Follow project on Twitter
NederlandsEnglish

1.5.1. Blind spot in NLP

Natural language is like algebra and programming languages:

Natural language has “variables” (keywords) and “functions” (structure words). However, in NLP, only the keywords are used, while the natural structure of the knowledge is discarded. As a consequence, the field of NLP got stuck with “bags of keywords” and unstructured texts, which have lost their meaning (=natural structure).

In natural language, keywords – mainly nouns and proper nouns – provide the knowledge, while the logical structure of sentences is provided by words like definite article “the”, conjunction “or”, basic verb “is/are”, possessive verb “has/have” and past tense verbs “was/were” and “had”. My challenge document describes some basic reasoning constructions, based on the logical structure of sentences.

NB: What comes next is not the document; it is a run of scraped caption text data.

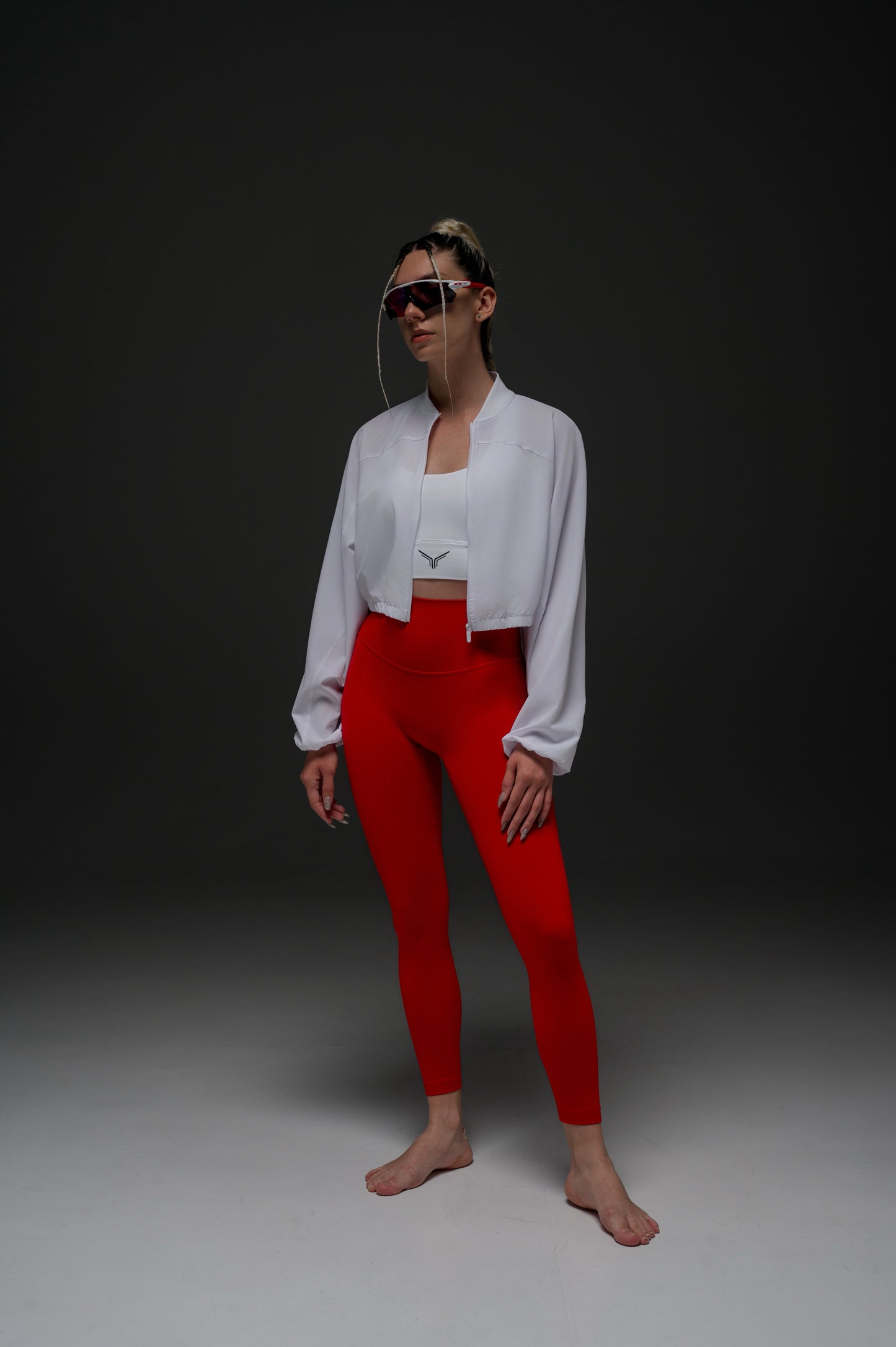 Women’s jacket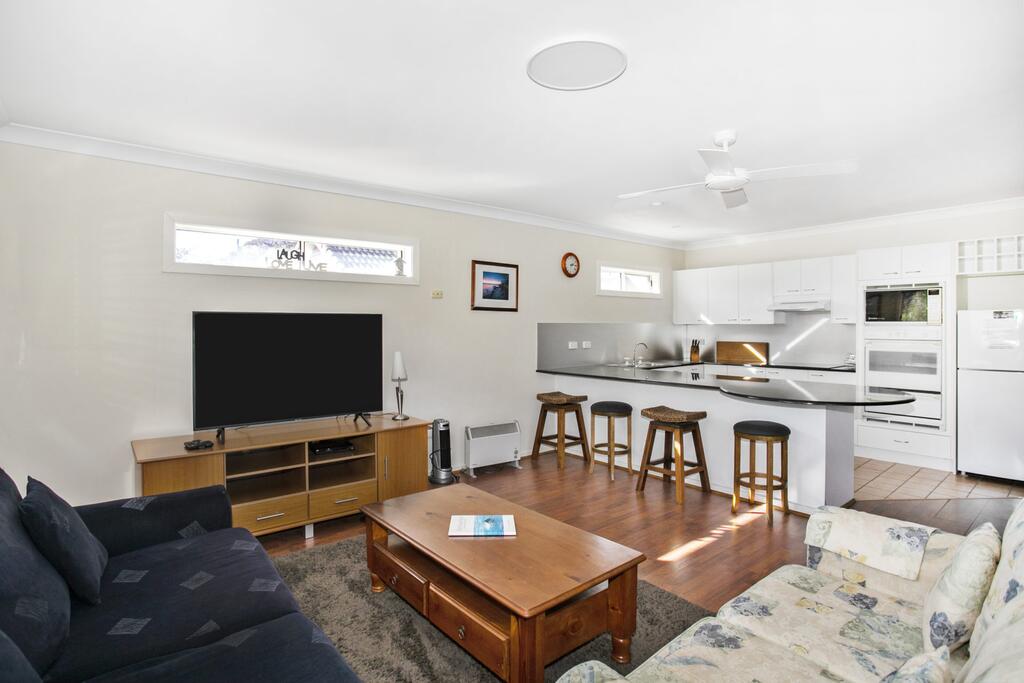 Mollymook NSW Accommodation QLD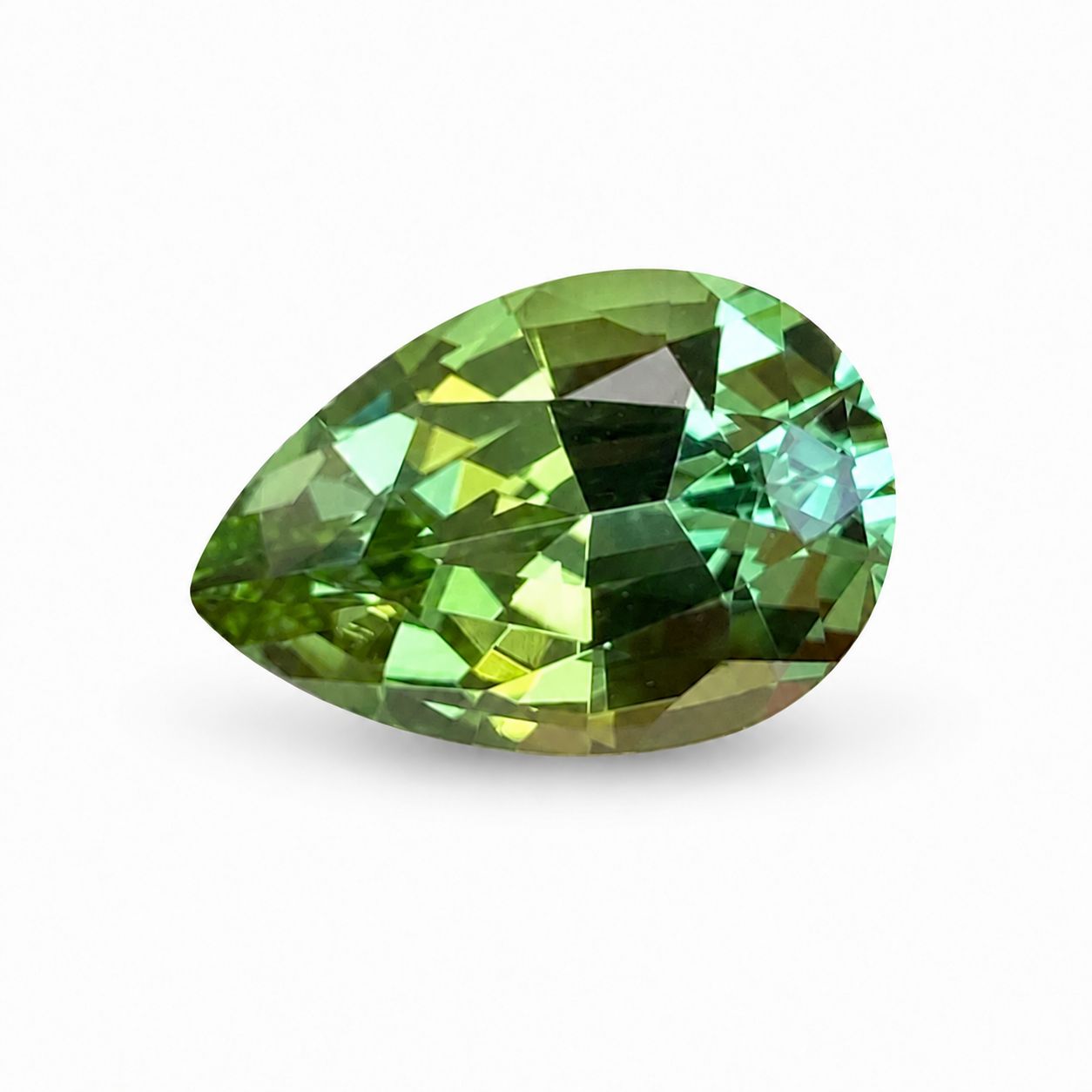 3.02ct Tourmaline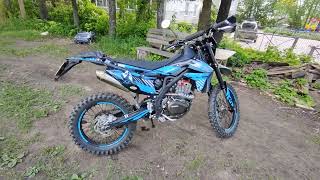 видео: Regulmoto ZR 300 2024г красно головой устранение косяков и доделки, pwk 34, датчик температуры, и... картинка: Regulmoto ZR 300 2024г красно головой устранение косяков и доделки, pwk 34, датчик температуры, и...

Scientists are ignorant of the logical structure of sentences. Instead of preserving this natural structure, they teach us to throw away the natural structure, and to link keywords by an artificial structure (semantic techniques). Hence the struggling of this field to grasp the deeper meaning expressed by humans, and the inability to automatically construct readable sentences from derived knowledge (automated reasoning in natural language).

Moreover, this field has a blind spot on the conjunction of logic and language:

A science integrates its involved disciplines. However, the field of AI and NLP doesn't. It is unable to integrate (automated) reasoning and natural language:

• Reasoners (like Prolog) are able to reason, but their results – derived knowledge – can't be expressed in readable and automatically constructed sentences;
Chatbots, Virtual (Personal) Assistants and Natural Language Generation (NLG) techniques are unable to reason logically. They are only able to select human-written sentences, in which they may fill-in user-written keywords;
Controlled Natural Language (CNL) reasoners are very limited in integrating both disciplines. They are limited to sentences with present tense verb “is/are”, and don't accept words like definite article “the”, conjunction “or”, possessive verb “has/have” and past tense verbs “was/were” and “had”.

Some people believe that meaning will evolve “by itself” (see Evolutionary Intelligence), while others believe that the meaning is preserved by parsing all words of a sentence. But they all fail to integrate reasoning and natural language, and to solve ambiguity.